▸ **Your assignment**
Only the closing stretch of the material is wanted: the line containing "Golden South Sea" and every line after it, transcribed exactly.

▸ **Record excerpts**
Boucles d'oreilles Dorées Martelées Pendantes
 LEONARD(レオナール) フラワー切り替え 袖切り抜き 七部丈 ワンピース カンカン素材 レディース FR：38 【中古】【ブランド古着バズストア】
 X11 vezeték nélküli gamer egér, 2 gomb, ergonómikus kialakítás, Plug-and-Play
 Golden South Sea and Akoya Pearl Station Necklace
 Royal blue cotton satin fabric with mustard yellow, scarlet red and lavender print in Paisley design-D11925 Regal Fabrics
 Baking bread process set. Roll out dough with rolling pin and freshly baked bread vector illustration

▸ **Expected output**
 Golden South Sea and Akoya Pearl Station Necklace
 Royal blue cotton satin fabric with mustard yellow, scarlet red and lavender print in Paisley design-D11925 Regal Fabrics
 Baking bread process set. Roll out dough with rolling pin and freshly baked bread vector illustration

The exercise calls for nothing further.